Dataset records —
▶

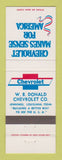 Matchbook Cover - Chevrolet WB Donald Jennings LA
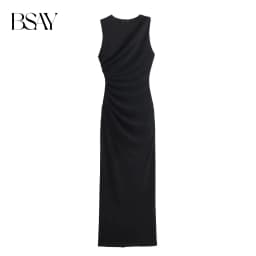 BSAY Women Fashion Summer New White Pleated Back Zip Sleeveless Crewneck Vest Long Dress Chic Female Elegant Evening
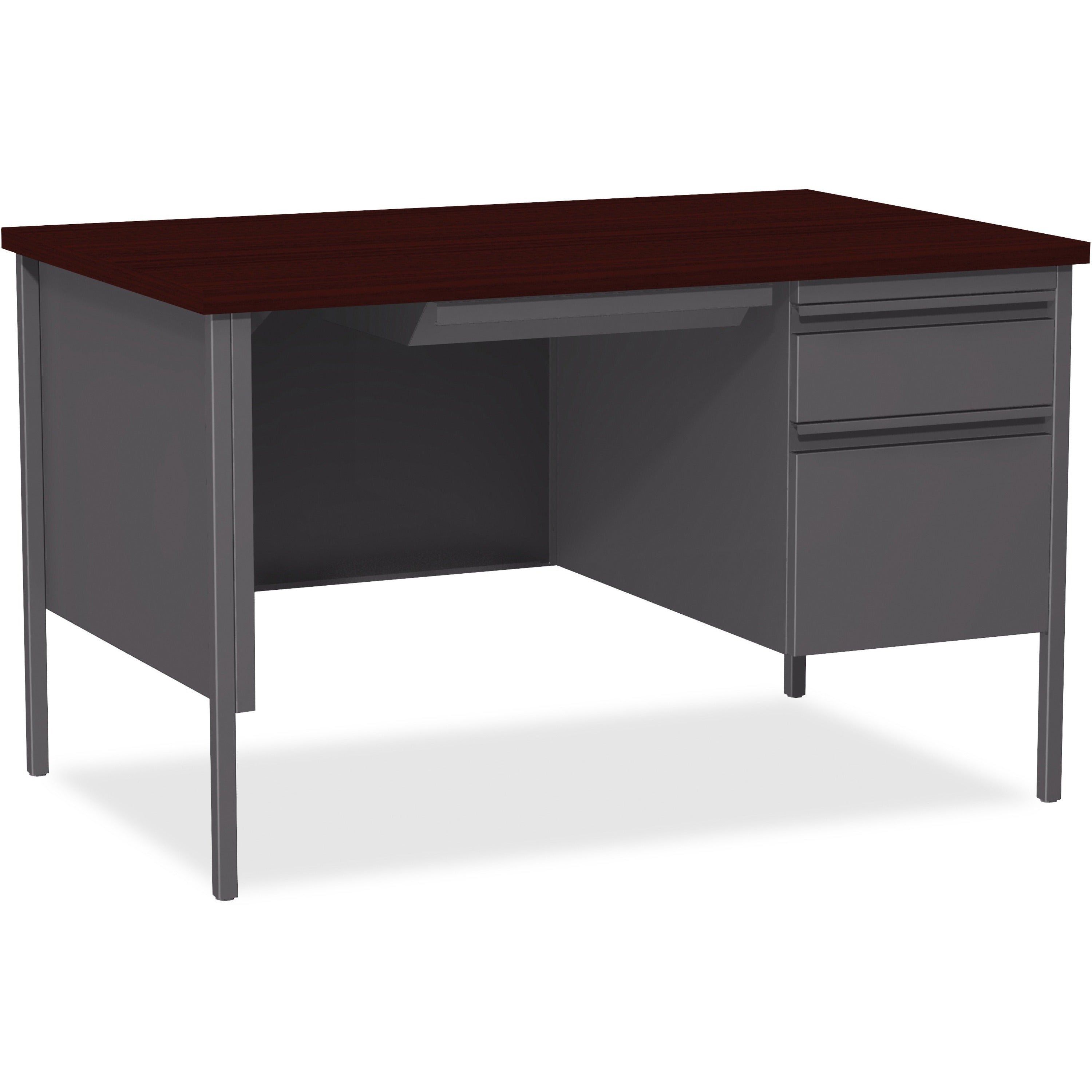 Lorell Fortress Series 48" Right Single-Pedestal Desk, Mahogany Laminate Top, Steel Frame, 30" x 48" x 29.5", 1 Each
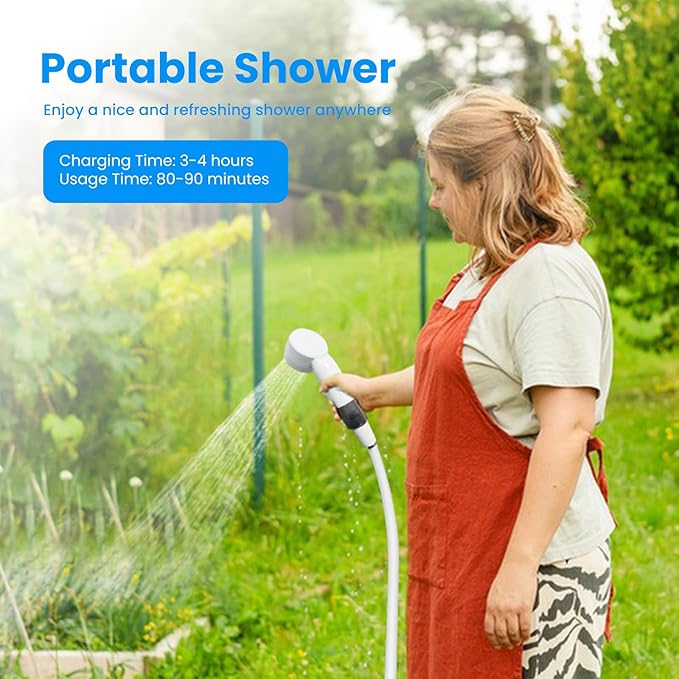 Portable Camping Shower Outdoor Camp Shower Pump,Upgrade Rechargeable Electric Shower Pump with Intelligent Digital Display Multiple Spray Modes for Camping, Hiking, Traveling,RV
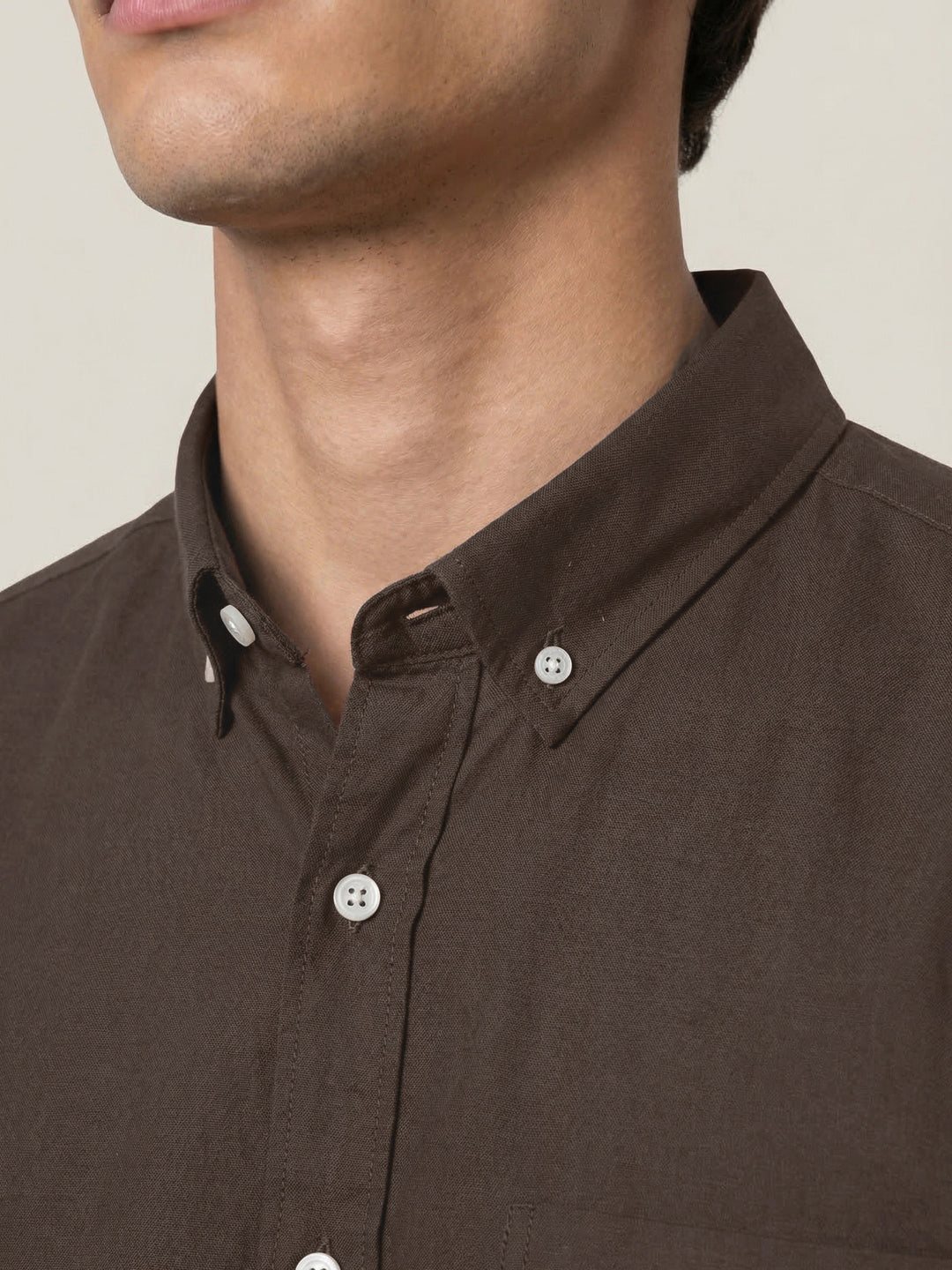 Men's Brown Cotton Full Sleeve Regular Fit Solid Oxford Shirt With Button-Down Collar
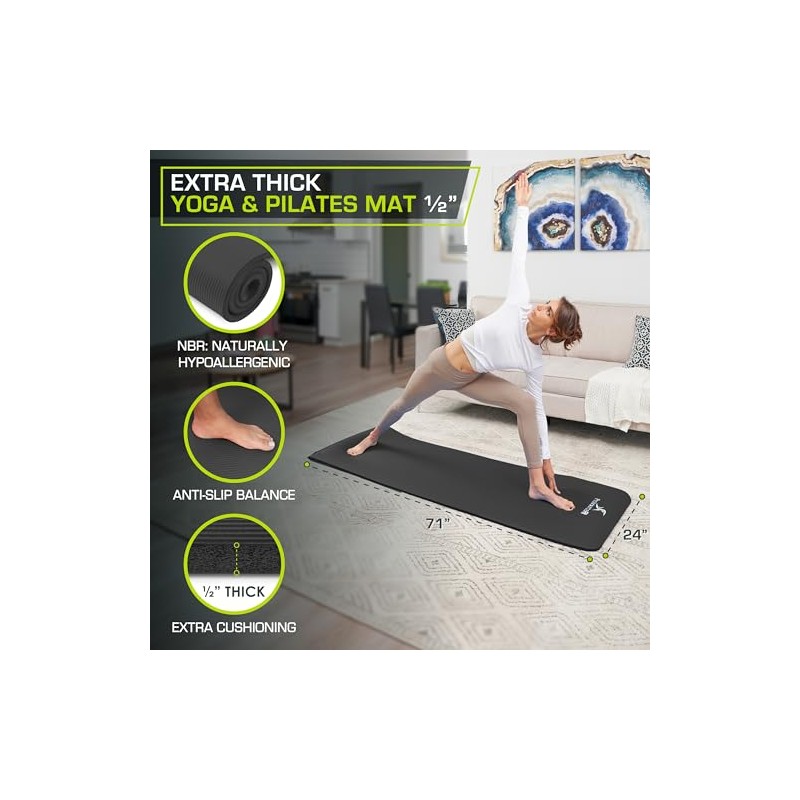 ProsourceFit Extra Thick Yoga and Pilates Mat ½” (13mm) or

◀

About this exercise —
Transcribe exactly the lines from the one with "Portable Camping Shower" to the last line of the records, both included, so that no picture appears in the copy.

Response to this task —
 Portable Camping Shower Outdoor Camp Shower Pump,Upgrade Rechargeable Electric Shower Pump with Intelligent Digital Display Multiple Spray Modes for Camping, Hiking, Traveling,RV
 Men's Brown Cotton Full Sleeve Regular Fit Solid Oxford Shirt With Button-Down Collar
 ProsourceFit Extra Thick Yoga and Pilates Mat ½” (13mm) or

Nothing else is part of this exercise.